───── INPUT DATA

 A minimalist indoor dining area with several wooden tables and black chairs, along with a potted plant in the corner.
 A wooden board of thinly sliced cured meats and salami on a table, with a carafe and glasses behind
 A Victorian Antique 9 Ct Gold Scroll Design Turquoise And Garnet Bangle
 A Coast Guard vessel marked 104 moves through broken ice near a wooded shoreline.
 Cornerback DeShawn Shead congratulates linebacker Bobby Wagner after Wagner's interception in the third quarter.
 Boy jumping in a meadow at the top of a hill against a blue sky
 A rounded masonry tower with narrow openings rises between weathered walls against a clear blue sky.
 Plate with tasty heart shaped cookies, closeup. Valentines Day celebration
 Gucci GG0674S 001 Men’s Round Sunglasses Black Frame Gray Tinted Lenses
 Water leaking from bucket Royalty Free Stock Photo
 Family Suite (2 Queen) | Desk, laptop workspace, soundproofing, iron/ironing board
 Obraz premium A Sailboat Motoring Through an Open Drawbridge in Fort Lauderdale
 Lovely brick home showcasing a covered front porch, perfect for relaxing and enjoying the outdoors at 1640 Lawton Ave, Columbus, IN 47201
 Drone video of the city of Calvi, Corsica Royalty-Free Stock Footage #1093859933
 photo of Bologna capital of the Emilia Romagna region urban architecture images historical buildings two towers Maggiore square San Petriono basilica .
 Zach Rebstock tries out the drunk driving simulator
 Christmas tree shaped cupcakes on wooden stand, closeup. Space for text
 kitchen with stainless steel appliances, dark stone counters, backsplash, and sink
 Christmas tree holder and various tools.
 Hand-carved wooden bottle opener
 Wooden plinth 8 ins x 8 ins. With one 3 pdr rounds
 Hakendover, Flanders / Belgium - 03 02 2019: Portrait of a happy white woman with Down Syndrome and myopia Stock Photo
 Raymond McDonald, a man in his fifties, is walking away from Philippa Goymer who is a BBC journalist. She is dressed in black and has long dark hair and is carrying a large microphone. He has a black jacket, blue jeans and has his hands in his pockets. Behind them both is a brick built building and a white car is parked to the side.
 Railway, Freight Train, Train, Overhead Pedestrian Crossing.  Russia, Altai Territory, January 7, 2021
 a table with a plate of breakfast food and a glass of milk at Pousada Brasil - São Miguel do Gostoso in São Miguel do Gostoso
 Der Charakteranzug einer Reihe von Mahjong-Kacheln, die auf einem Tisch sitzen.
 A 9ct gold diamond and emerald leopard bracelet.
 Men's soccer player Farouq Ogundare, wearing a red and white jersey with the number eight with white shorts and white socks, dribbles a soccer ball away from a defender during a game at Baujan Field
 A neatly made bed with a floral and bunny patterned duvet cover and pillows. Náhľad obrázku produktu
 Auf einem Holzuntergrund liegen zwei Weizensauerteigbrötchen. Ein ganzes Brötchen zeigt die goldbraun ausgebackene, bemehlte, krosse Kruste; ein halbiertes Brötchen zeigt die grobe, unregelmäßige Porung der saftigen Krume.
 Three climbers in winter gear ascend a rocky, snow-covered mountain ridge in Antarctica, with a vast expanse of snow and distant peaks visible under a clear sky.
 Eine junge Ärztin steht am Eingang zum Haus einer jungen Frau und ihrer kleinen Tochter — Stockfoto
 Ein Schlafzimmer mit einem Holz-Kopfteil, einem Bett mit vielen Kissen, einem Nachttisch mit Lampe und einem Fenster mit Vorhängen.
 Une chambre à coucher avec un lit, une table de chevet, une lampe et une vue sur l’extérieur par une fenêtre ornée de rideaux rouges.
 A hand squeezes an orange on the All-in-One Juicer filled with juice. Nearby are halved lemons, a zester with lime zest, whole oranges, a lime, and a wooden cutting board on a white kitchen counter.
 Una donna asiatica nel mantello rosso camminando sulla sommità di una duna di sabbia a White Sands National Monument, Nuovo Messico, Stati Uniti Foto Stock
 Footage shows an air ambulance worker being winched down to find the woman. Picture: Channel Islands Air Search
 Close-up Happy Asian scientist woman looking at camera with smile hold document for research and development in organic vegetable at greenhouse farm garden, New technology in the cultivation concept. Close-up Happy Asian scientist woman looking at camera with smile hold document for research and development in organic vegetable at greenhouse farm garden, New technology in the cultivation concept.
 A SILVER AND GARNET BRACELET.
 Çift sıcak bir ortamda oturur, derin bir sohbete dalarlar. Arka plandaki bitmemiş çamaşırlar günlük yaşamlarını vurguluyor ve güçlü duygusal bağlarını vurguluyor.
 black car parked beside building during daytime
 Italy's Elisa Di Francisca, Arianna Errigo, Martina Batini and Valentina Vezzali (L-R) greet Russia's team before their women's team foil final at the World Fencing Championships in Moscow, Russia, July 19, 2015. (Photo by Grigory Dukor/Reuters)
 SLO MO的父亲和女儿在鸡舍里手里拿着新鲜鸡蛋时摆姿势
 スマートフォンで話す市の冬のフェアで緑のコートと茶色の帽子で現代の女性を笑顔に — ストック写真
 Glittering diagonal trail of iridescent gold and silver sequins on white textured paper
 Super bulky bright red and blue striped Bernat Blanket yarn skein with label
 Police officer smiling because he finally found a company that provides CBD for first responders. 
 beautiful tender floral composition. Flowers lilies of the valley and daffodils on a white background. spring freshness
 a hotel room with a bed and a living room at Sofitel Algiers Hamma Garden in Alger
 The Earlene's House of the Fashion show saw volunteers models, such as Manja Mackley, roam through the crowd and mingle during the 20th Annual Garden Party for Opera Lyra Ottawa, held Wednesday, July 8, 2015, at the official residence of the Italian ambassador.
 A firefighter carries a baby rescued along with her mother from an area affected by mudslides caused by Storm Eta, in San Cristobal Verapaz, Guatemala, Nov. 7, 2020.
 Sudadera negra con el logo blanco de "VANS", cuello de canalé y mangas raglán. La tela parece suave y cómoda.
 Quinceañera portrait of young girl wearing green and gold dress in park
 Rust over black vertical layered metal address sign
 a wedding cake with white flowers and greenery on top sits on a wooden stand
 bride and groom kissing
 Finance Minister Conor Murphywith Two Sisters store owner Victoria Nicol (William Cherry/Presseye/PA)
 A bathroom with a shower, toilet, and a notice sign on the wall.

──────────

- [PROBLEM STATEMENT]
Among the records above, repeat exactly the line with "Auf einem Holzuntergrund", the line with "Eine junge Ärztin", and every line in between, and only those.

- [THE ANSWER]
 Auf einem Holzuntergrund liegen zwei Weizensauerteigbrötchen. Ein ganzes Brötchen zeigt die goldbraun ausgebackene, bemehlte, krosse Kruste; ein halbiertes Brötchen zeigt die grobe, unregelmäßige Porung der saftigen Krume.
 Three climbers in winter gear ascend a rocky, snow-covered mountain ridge in Antarctica, with a vast expanse of snow and distant peaks visible under a clear sky.
 Eine junge Ärztin steht am Eingang zum Haus einer jungen Frau und ihrer kleinen Tochter — Stockfoto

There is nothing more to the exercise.